Cambodia to rename key highway after Donald Trump for brokering peace deal
 
Michael Leidig
- Published
- News

Cambodia is considering renaming its busiest trade route, National Highway 4, in honour of Donald Trump, following the U.S. president’s role in brokering a ceasefire with Thailand. The proposal, first suggested by state journalist Soy Sopheap and publicly backed by Deputy Prime Minister Sun Chanthol, comes as Prime Minister Hun Manet nominates Trump for the 2025 Nobel Peace Prize
Cambodia is set to rename its most important highway after President Donald Trump following his role in peace negotiations with neighbouring Thailand.
The U.S leader has become a hero figure in the impoverished Southeast Asian nation after stepping in to broker a ceasefire in the face of bloody clashes with the Thai military last month.
The renaming idea was first raised by prominent state journalist Soy Sopheap, who has close ties to the ruling Cambodian People’s Party and runs the pro-government network Deum Ampil.
Sopheap suggested naming the highway after Trump during discussions with American documentary maker Michael Alfaro, who has been filming a series on regional politics.
In a later video in which Alfaro interviews Deputy Prime Minister Sun Chanthol in Phnom Penh, Sopheap himself does not appear on screen. Instead, Sun and Alfaro refer to him by name, crediting him as the originator of the proposal. Sun explicitly endorses Sopheap’s suggestion during the conversation, signalling that the idea had already been circulating behind the scenes and was now being placed on record.
Sun Chanthol, who also serves as Cambodia’s Minister of Public Works and Transport, told Alfaro: “I think it would get a lot of support within the country, so Soy Sopheap is going to push for that, and hopefully that will be realised soon. The movement in the country would see a lot of support, really in the social media, but it would have to go through formalities, to get approval from the prime minister and so on and so forth.”
If approved, Cambodia would become the first country outside the United States to rename a national highway after President Trump.
The road in question, National Highway 4, runs 230 kilometres (140 miles) from Phnom Penh to the coastal port of Sihanoukville.
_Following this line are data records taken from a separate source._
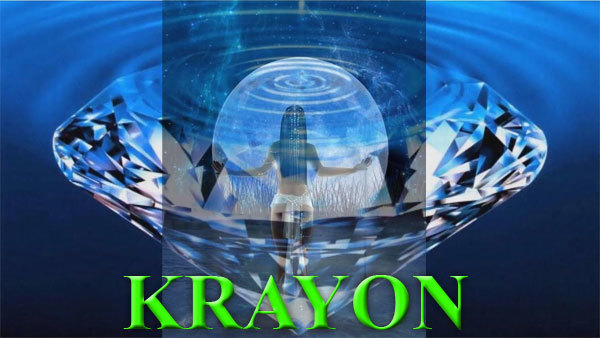 Krayon. Evolution of consciousness 1/1
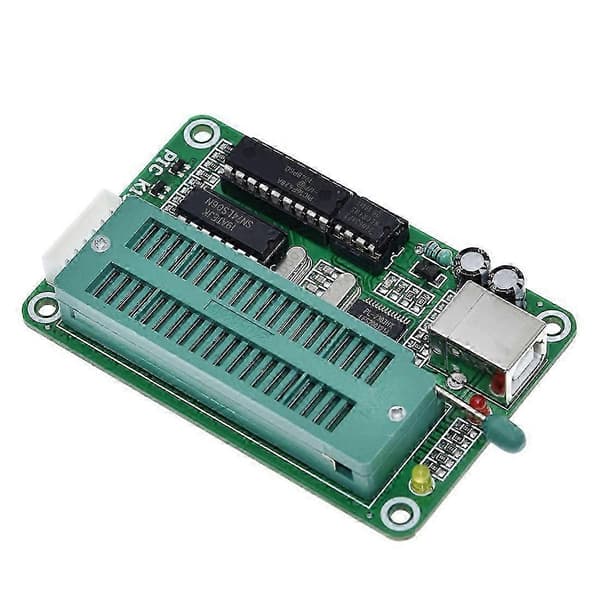 Pic K150 Programmer Pic Mcu Microcore Brænder Usb Downloader Med Usb Kabel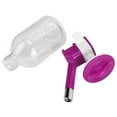 thumbnail image 4 of Bebedero de agua para mascotas, ABS morado, botella de almacenamiento de agua para mascotas, alimentador para perros, tecnología avanzada, 4 of 9
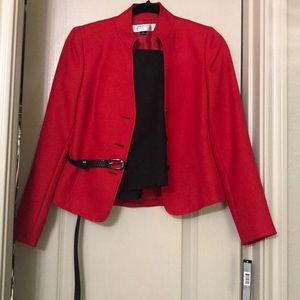 Tahari jacket and skirt set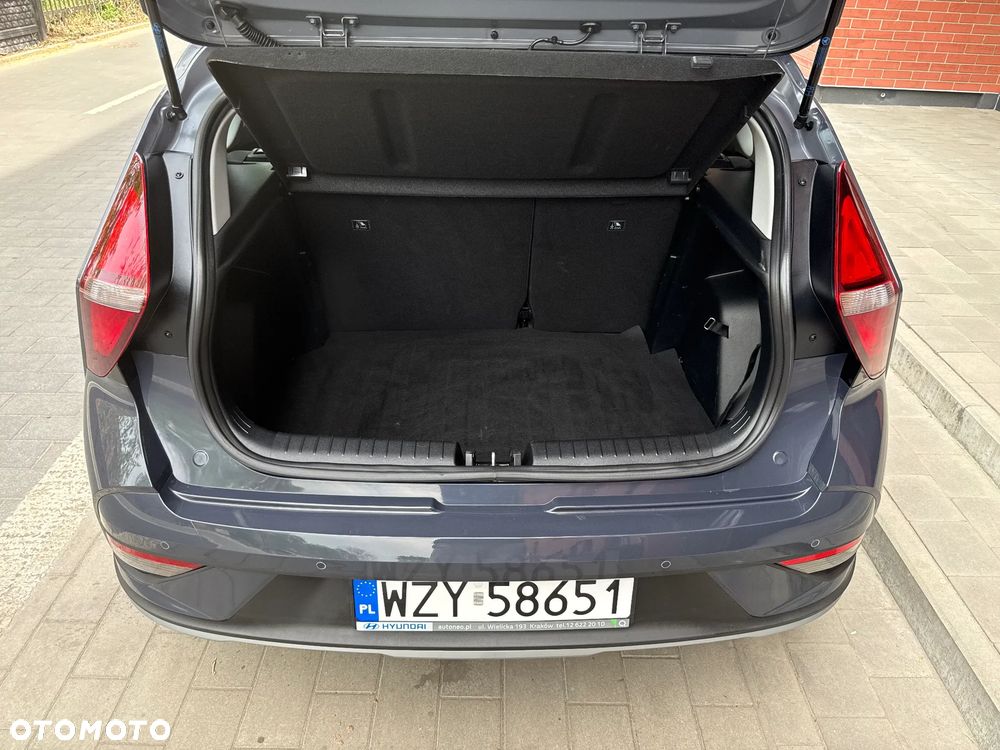Hyundai Bayon 1.2 MPI Modern - 33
It was originally built with American support between 1959 and 1969, when Washington was locked in Cold War rivalry with Moscow and Beijing for influence in Southeast Asia. Today it remains the country’s busiest trade artery, linking the capital to the deep-water port that has become Cambodia’s economic lifeline.
The renaming initiative is part of a broader wave of official praise for the US president. Prime Minister Hun Manet, who took over leadership from his long-ruling father Hun Sen last year, has formally nominated Trump for the 2025 Nobel Peace Prize. In a letter sent to the Norwegian Nobel Committee on August 7, Hun Manet lauded Trump’s “extraordinary statesmanship” in helping to defuse a dangerous confrontation with Thailand.
The fighting had erupted on July 24 near the Ta Muen Thom temple, an ancient Khmer site along the Cambodian-Thai border claimed by both nations. The skirmishes escalated rapidly into heavy artillery exchanges. Eleven Thai civilians were killed when shells landed on the Thai side of the frontier. In retaliation, the Thai air force launched F-16 strikes on Cambodian military positions, with bombs falling close to a UNESCO-listed heritage site.
Over the following days, dozens of civilians and soldiers from both countries were reported killed. Villages emptied as terrified families fled, and thousands of refugees were forced into makeshift camps on both sides of the border.
With fears growing of a wider war, President Trump intervened directly. Backed by U.S State Department envoys, he telephoned Hun Manet and Thai Prime Minister Paetongtarn Shinawatra, urging restraint. Trump then convened an emergency teleconference, during which the two leaders agreed to a ceasefire monitored by observers from the Association of Southeast Asian Nations (ASEAN).
The ceasefire has largely held, with artillery pulled back and cross-border trade resuming. Trump declared the outcome “a victory for peace,” while Cambodian state media praised him as the man who saved the region from a deeper conflict.
Soy Sopheap’s role as the first to suggest immortalising Trump on Cambodia’s most vital highway has been heavily promoted in domestic coverage. Although absent from Alfaro’s footage, his influence is front and centre, with Deputy Prime Minister Sun Chanthol openly attributing the idea to him on camera. That moment effectively moved the proposal from private discussion into the public and political sphere.
For Hun Manet’s government, embracing Trump has both symbolic and strategic value. It offers a counterbalance to criticism that Cambodia is too dependent on China, while also appealing to grassroots nationalism at home. On social media, pro-government pages have been filled with memes and posters hailing Trump as “a friend of Cambodia.”
If the plan is approved, the road from Phnom Penh to Sihanoukville may soon be known worldwide as Trump Highway, a gesture that underlines how one of the world’s poorest nations has embraced an American president as a peacemaker and protector.